Invoice finance firm Optimum Finance has seen a sharp increase in the last six months of new clients coming to them with an average of 90+ debtor days causing significant cash flow pressure.

Yet within three months of accessing invoice finance, Optimum Finance clients are experiencing a reduction in this ‘debtor gap’ to an average of 46 days, with some businesses seeing a drop of up to 58 per cent in the time taken to get invoices paid.

Average days sales outstanding (DSO) is a key metric in measuring the financial health of a business. The standard payment terms for UK businesses are usually 30 days. However, the actual time taken for monies to be received often goes far beyond this with some businesses waiting several months to receive cash for work already undertaken, or goods sold, three or four months previously.

This reduction in DSO is just the tip of the iceberg when it comes to the financial benefit experienced by firms choosing an enhanced invoice finance service which also effectively outsources their credit control function.

Optimum Finance has developed a cost savings calculator designed to demonstrate how its services can actually offer significant savings overall, rather than being another cost or overhead to the business.

This proprietary financial model shows SME owners how reduced DSO combined with the salary savings from not having to employ staff to chase unpaid bills, external credit check costs and interest savings on monies owed can actually make a positive impact on the bottom line in the first financial year working with Optimum Finance.

Commenting on the payment pressures faced by UK SMEs, Optimum Finance CEO Richard Pepler said: “Cash is the lifeblood of any business and not being able to get access to monies owed in a timely manner effectively paralyses commerce in this country.

“A lack of ready cash combined with no guarantee that payments will be made when they are due means strategic decisions to invest in new staff, resources, training, capital expenditure or growth plans are often put on hold or never carried out.

“It also has a knock-on effect to the time these SMEs take to pay their own suppliers and they end up locked in a vicious debt cycle, where their cash is actually sitting with the big corporations they do business with. Some SME directors also delay or don’t pay themselves in order to keep as much cash as they can inside the business.

 

“To combat this issue we have invested heavily in a highly experienced credit control team. This means our clients get access to specialist support and expertise in credit control and management, which in turn delivers long term cost savings.”

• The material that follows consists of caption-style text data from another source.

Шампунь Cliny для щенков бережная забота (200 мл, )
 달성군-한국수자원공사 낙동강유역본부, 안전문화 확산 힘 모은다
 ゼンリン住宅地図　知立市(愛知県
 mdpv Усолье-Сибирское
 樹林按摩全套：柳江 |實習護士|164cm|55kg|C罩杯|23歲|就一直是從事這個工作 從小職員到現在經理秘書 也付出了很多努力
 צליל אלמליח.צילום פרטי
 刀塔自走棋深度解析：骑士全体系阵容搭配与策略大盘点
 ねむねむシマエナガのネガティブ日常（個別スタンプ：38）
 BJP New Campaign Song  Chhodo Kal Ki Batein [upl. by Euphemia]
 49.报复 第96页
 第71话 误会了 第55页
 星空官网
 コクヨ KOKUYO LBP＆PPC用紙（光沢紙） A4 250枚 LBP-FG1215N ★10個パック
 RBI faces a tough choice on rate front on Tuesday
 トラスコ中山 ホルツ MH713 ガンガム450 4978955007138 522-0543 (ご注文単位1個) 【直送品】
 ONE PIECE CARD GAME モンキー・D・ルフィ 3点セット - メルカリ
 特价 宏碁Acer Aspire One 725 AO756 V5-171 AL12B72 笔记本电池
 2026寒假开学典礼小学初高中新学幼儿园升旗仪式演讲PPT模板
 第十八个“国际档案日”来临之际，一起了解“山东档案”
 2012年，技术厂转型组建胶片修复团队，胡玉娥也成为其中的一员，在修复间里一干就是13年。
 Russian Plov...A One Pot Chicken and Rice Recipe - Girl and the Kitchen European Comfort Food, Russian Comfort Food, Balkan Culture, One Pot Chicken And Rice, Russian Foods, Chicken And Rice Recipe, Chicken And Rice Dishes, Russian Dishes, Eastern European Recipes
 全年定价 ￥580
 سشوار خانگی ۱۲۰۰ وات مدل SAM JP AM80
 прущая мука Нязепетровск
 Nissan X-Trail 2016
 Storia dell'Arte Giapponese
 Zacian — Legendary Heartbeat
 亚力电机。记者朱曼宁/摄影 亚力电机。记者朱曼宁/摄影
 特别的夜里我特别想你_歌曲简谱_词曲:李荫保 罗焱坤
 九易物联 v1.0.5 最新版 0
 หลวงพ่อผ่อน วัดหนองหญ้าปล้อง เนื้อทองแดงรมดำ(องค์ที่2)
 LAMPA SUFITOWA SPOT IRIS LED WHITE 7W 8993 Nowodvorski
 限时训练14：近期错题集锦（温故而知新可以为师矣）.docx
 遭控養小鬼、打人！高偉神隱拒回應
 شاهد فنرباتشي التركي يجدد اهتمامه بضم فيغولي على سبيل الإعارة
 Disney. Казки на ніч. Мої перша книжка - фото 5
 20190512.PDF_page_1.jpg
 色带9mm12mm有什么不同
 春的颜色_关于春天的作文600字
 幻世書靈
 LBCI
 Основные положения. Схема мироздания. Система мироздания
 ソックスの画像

SMEs make up 99.9 per cent of all private sector companies in Britain, employing a total of 16.1 million people and ploughing billions into the economy every year*.

The UK late payments culture is more prevalent in some industries than others with construction, retail and grocery sectors often highlighted as the worst offenders.

In a bid to address this commercially crippling issue, the government issued new regulations in April 2017 forcing all large UK companies to report publicly on their payment policies, practices and performance. However, with little consequence for late paying large corporates, the situation has not improved in the last 18 months since its introduction.

In fact, the picture has deteriorated in the last 12 months. According to a recent report by UK payment experts Bacs, the UK’s smallest businesses face a bill of £6.7 billion, up from £2.6 billion in 2017 – just to collect money they’re already owed.

The cost of recovering overdue money is now at an average of £9,000 for each business and, according to the Bacs report, ‘more than a third of small to medium sized enterprises (SMEs) coping with late payments are waiting two months beyond agreed terms to be paid. That’s double the number of businesses who said the same in 2017 (19 per cent).’